The High Court has recently handed down judgment in Tapp v Australian Bushmen’s Campdraft & Rodeo Association Limited [2022] HCA 11. The case involved Ms Tapp, an experienced campdrafter who sustained serious spinal injuries on 8 January 2011 while competing in an event organised by the Respondent.
The primary judge (Lonergan J) in the Supreme Court of NSW dismissed Ms Tapp’s claim in negligence and this decision was upheld by the NSW Court of Appeal (Basten and Payne JJA, McCallum JA dissenting). The questions on appeal were whether Ms Tapp established the Respondent had failed to take reasonable precautions against the risk of injury (where such breach caused her injuries) and secondly, whether section 5L of the Civil Liability Act 2002 (NSW) (CLA) operated to deny liability on the basis that Ms Tapp’s injuries were the materialisation of an obvious risk sustained during a dangerous recreational activity.
Kiefel and Keane JJ found Ms Tapp failed to prove the deterioration of the arena’s surface is what caused her horse to fall or more specifically, what precisely caused her horse’s legs to slip.

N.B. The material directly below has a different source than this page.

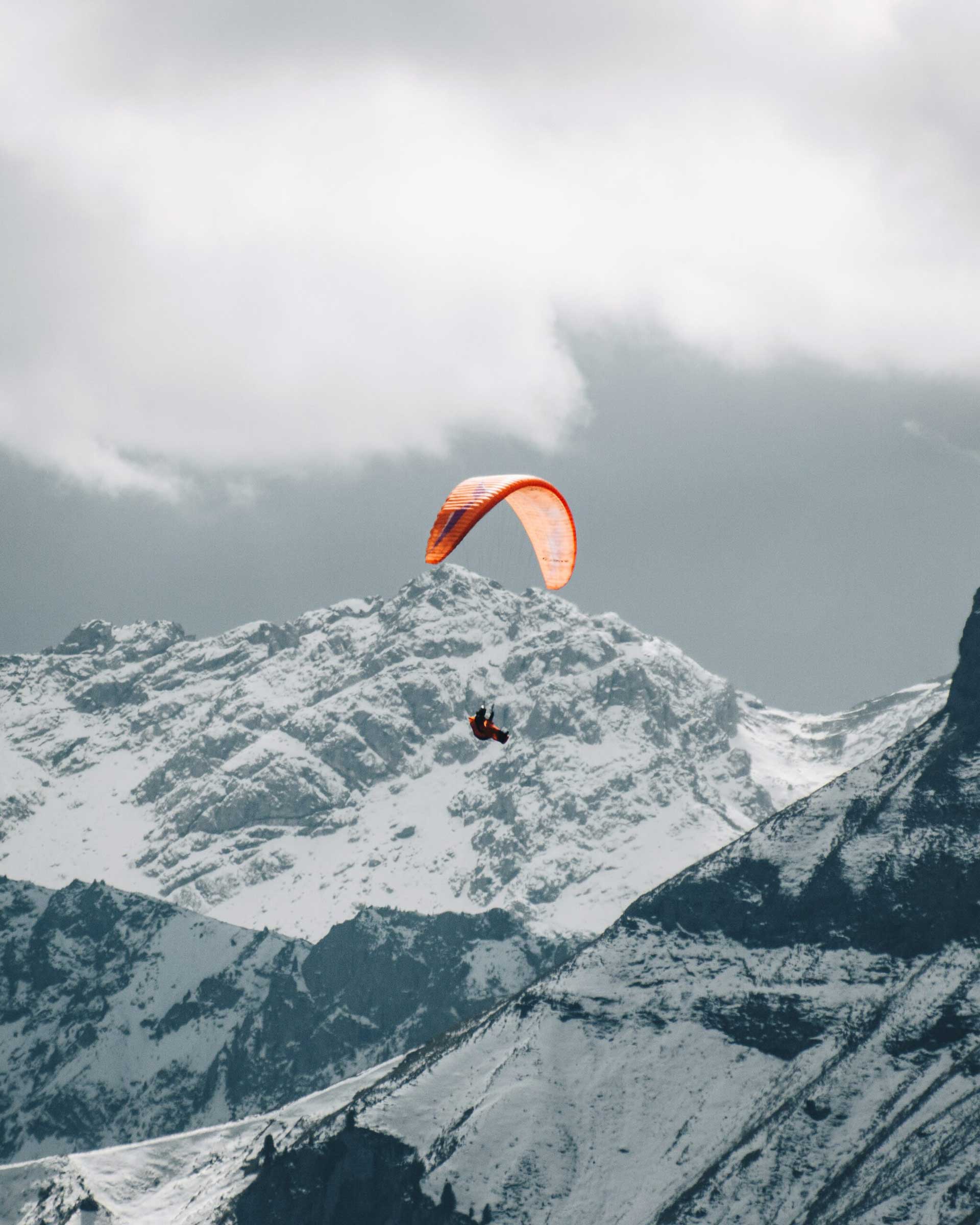 pexels-amber-janssens-6847695-scaled-1.jpg
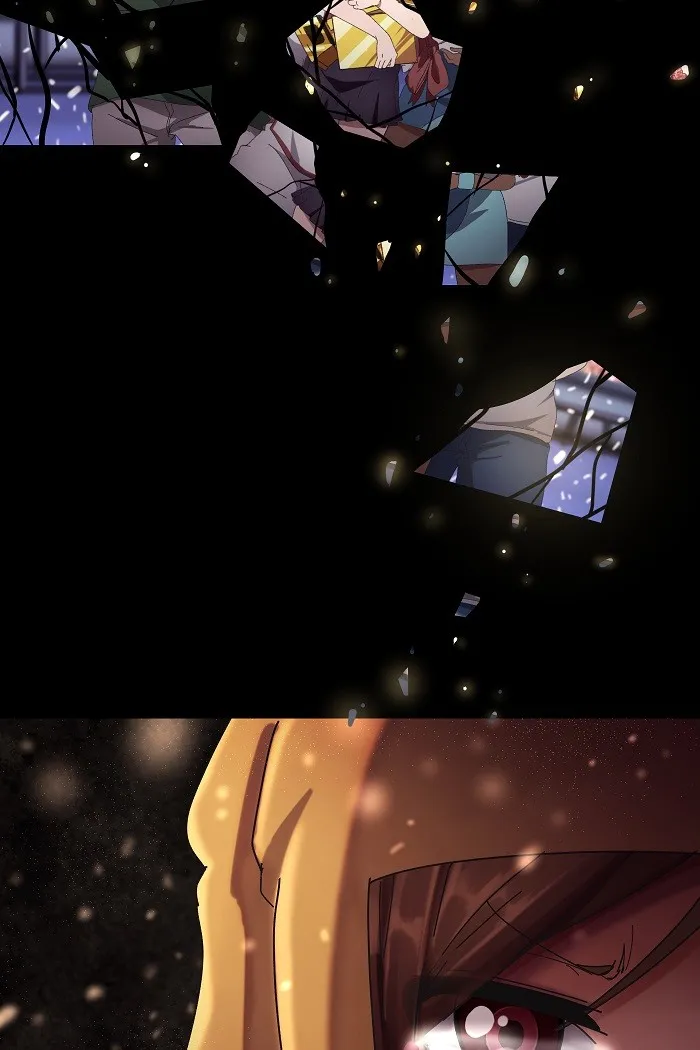 Ecstasy Hearts Chapter 2 page 48 -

Part of their reasoning involved the fact that the arena was ploughed the morning following Ms Tapp’s incident could not be relied on to inform the Respondent’s appreciation of the surface’s deterioration or the reasonableness of certain precautions which ought to have been taken. This was referred to as the “dangerous lure of hindsight reasoning”, to which end they referred to section 5C(c) of the CLA.
Kiefel and Keane JJ also noted the safety of the competitors was not the only consideration relevant to the decision of whether to suspend the competition, given this is a sport where competitors are willing, indeed even eager, to engage in a recreational activity which is fraught with risks. After all, campdrafting involves riding a horse at high speeds, often a full gallop, while manoeuvring livestock around tight corners.

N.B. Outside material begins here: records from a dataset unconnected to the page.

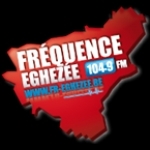 Frequence Eghezee Belgium, Eghezee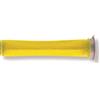 Fischer TASSELLO AD INIEZIONE FIS H-N mm. 18x85 20.00 pz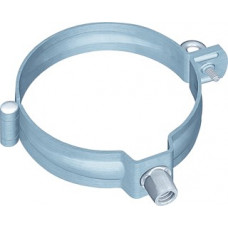 RHEINZINK WALSBLANK ZINKEN BEUGEL 80MM (ZONDER PEN) RHEINZINK WALSBLANK ZINKEN BEUGEL 80MM (ZONDER PEN)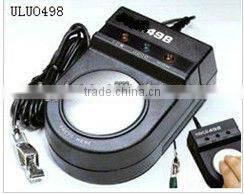 ULUO498 Wrist Strap Tester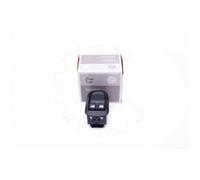 Ordine Pulsante Alza Vetro CITROËN JUMPY VF7 6554WQ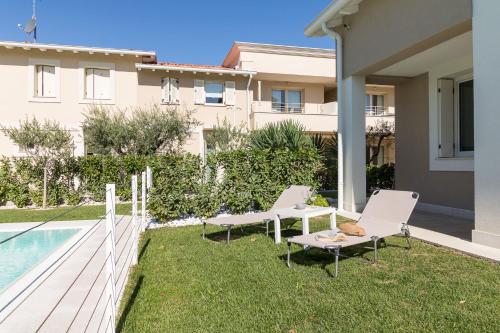 Villa Meri – Photos 4
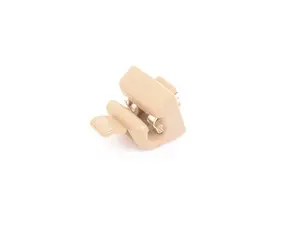 Sun Visor Clip - Priced Each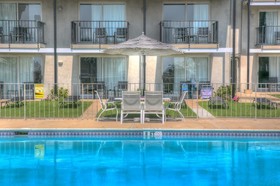 Periwinkle Inn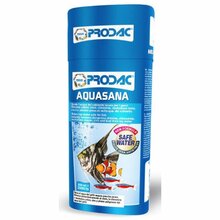 Vee konditsioneer Prodac Aquasana, 500 ml
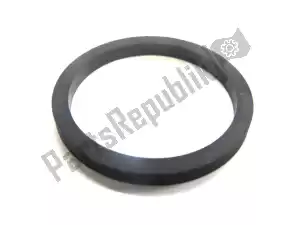 Kawasaki 430491067 o-ring - Upper side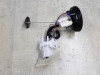 Brandstofpomp BMW R 1250 R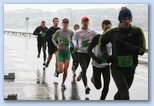 Tudás Útja Félmaraton Futóverseny Budapest tudas_utja_felmaraton_346.jpg
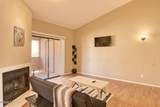 5614 Wood Crest Drive - Photo 3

The majority (Gordon, Edelman and Gleeson JJ) allowed the appeal as they held the Respondent breached its duty of care by failing to suspend the event and inspect the surface of the arena, while considering the safety of the contestants. This was in circumstances where its directors were aware of the substantially elevated risk of a competitor sustaining injury, given there had been four bad falls prior to Ms Tapp’s injury and they had been warned on multiple occasions by an experienced campdrafter who considered the event ought to be stopped. Instead, multiple remarks were made that participants should simply “ride to the conditions”. Importantly, the majority held Ms Tapp’s injuries were not the result of a materialisation of an obvious risk.

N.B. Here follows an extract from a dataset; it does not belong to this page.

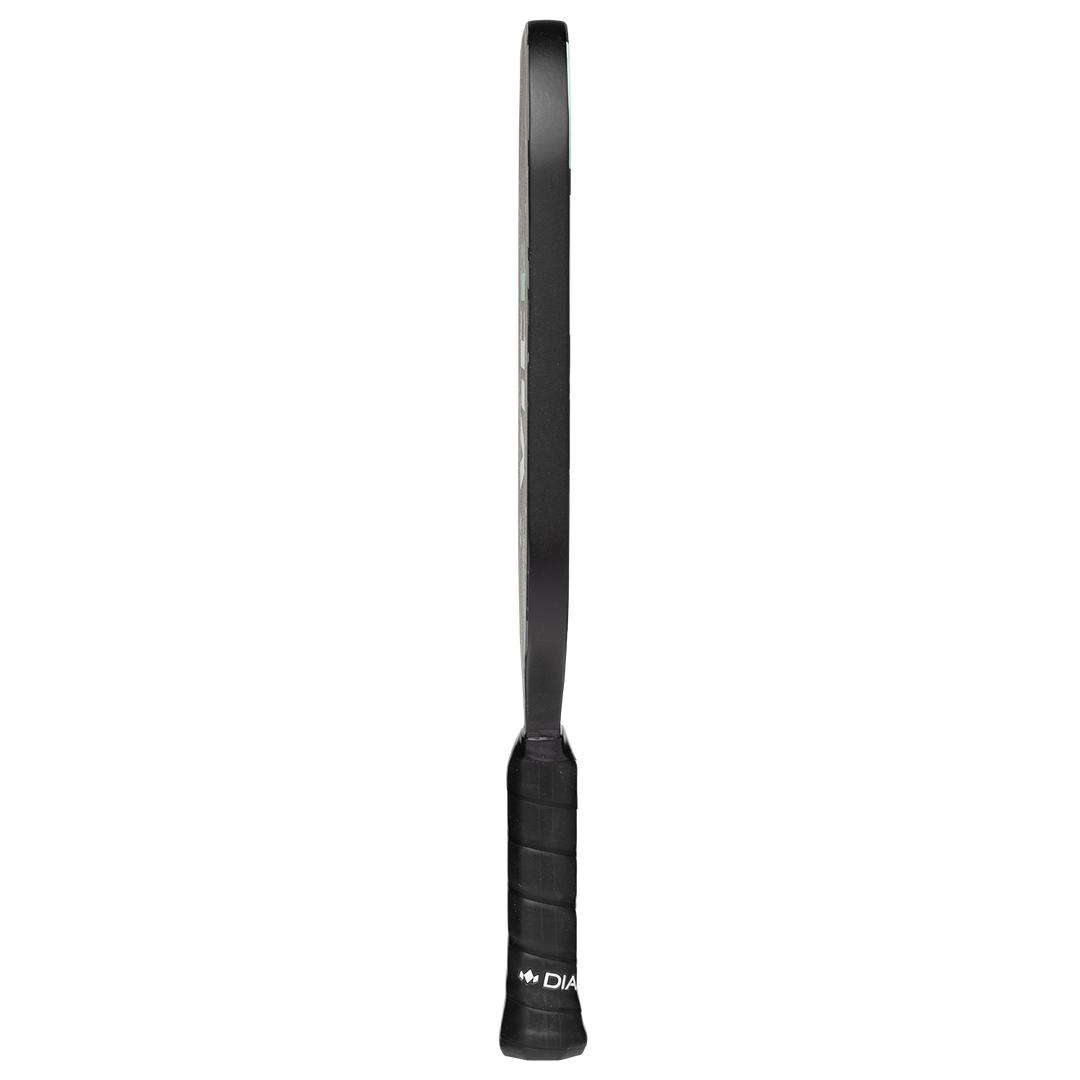 Diadem Sports Vice Pickleball Paddle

Mr Shorten gave evidence for the Respondent that he considered the condition of the ground which was not wet but moist in parts, yet dust was still flying up. He gave evidence that prior to Ms Tapp’s injury an announcement was made over the loudspeaker that competitors could withdraw if they wished and be refunded their entry fees. Ms Tapp did not hear this warning as she was warming up her horse away from the arena, nor was she aware of the complaints made about the condition of the arena’s surface or the four falls which occurred before she competed in the open event.
The central issue addressed by the majority was the proper characterisation of the risk. The majority held the primary judge’s characterisation of the risk was at too high a level of generality, with Lonergan J characterising the risk as the risk the horse would fall and as a consequence of that, Ms Tapp would fall and be injured. The majority held this characterisation of the risk failed to include the essential facts that constituted the alleged breach of duty (as a defendant cannot avoid liability by characterising a risk at an artificially low level of generality, and the risk with which section 5L is concerned will usually need to be assessed after a determination that there is prima facie liability for negligence). The majority adopted as more accurate the characterisation of the risk as expressed by McCallum JA, as “the risk of injury as a result of falling from a horse that slipped by reason of the deterioration of the surface of the arena”.
The appeal was allowed, with verdict and judgment for Ms Tapp, who was awarded $6.75 million plus costs. The procedural history of this matter reveals the complexity and importance of properly characterising a risk including when considering section 5L of the CLA. In this instance, nine judicial officers considered the issue, five of which found the Respondent took reasonable precautions and of that five, three considered the defence under section 5L applied. Despite this, the Respondent was not successful following the appeal to the High Court.